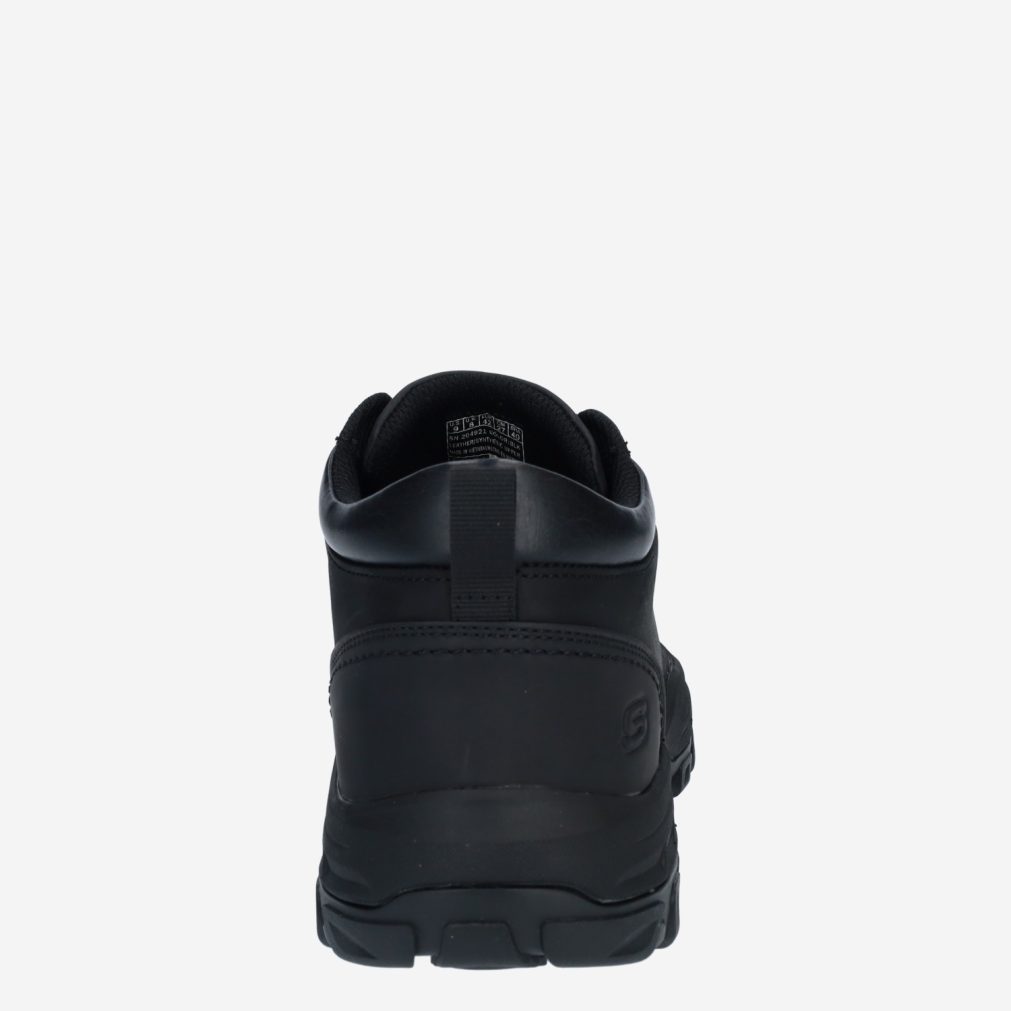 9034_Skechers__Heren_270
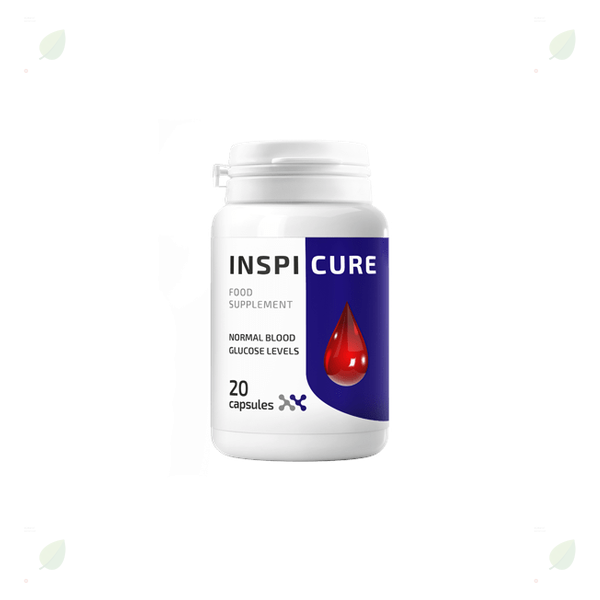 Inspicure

* * *

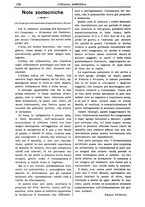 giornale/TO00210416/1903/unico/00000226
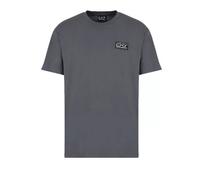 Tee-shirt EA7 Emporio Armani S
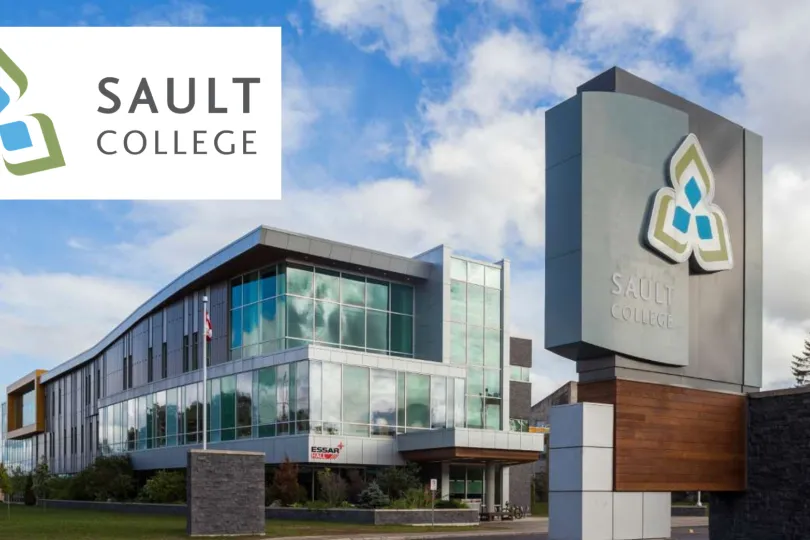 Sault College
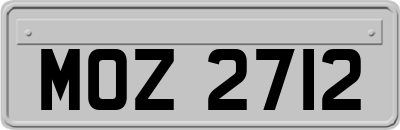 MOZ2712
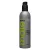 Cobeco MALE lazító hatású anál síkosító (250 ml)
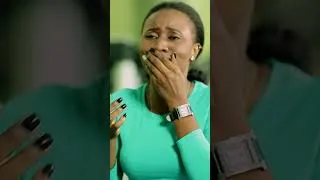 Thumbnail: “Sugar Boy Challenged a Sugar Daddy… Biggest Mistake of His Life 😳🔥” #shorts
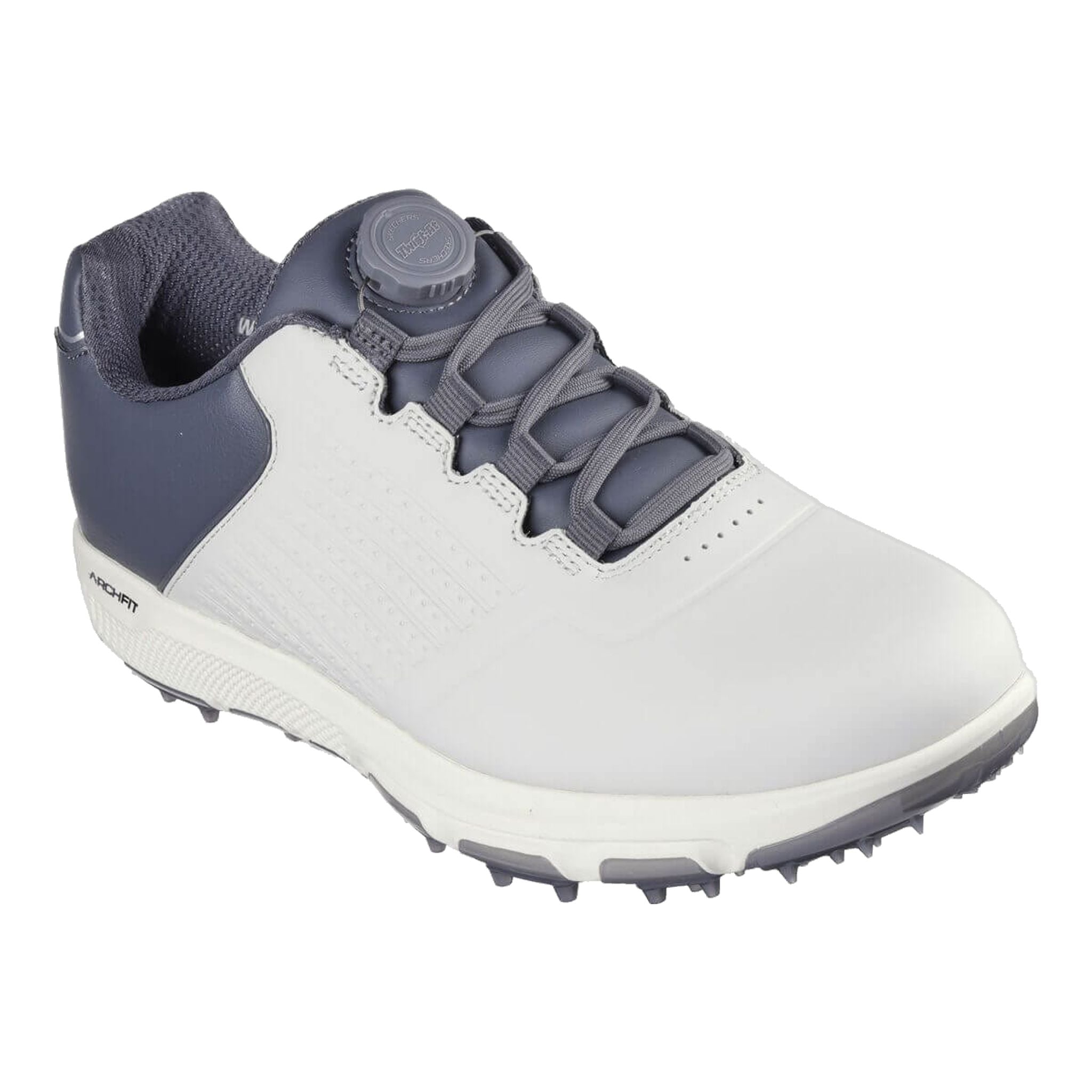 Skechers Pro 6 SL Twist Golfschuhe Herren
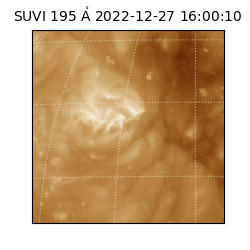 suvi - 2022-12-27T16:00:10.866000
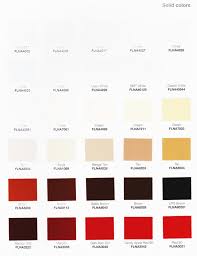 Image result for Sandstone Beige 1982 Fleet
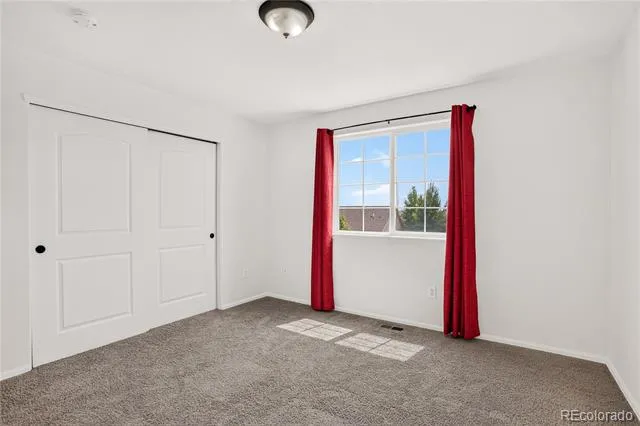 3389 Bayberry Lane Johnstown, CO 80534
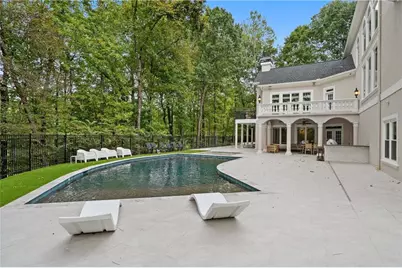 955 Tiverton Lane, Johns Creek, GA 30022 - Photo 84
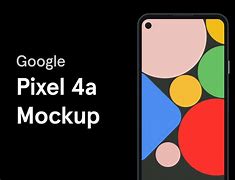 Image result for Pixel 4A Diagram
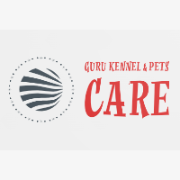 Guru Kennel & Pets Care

--

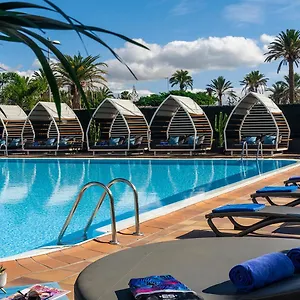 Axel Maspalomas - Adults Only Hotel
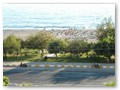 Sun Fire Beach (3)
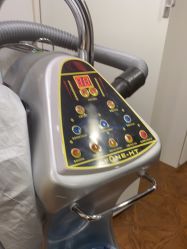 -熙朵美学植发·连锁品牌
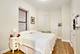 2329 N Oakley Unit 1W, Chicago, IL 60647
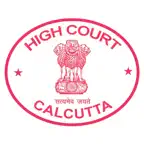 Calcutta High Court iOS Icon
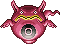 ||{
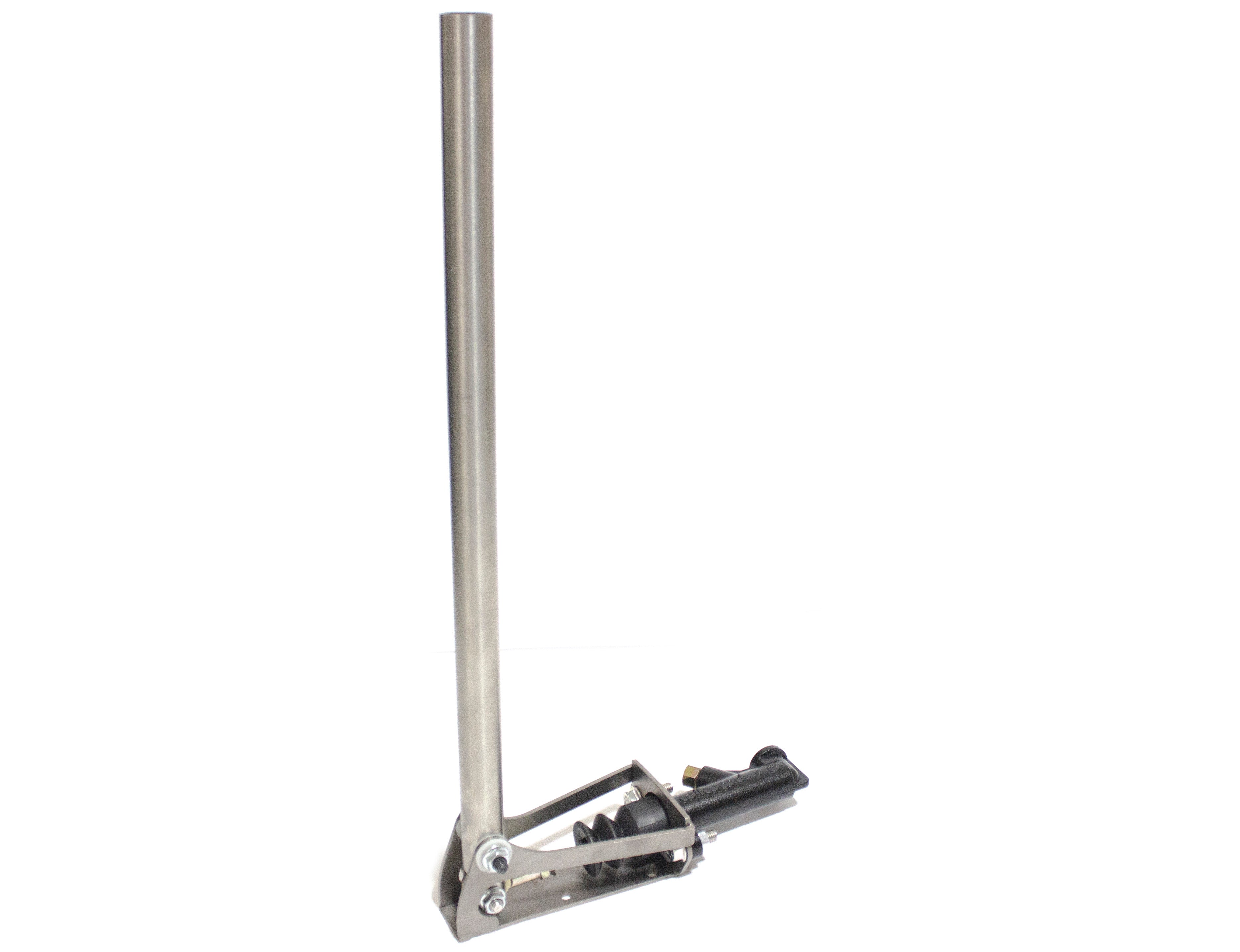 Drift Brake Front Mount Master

* Your instructions
In the entries above, find the line with "suvi - 2022-12-27T16:00:10.866000" and the line with "Guru Kennel & Pets Care". Return exactly those lines and all the ones between them, pictures excluded.

* Result of the exercise
 suvi - 2022-12-27T16:00:10.866000
 Image result for Sandstone Beige 1982 Fleet
 3389 Bayberry Lane Johnstown, CO 80534
 955 Tiverton Lane, Johns Creek, GA 30022 - Photo 84
 Image result for Pixel 4A Diagram
 Guru Kennel & Pets Care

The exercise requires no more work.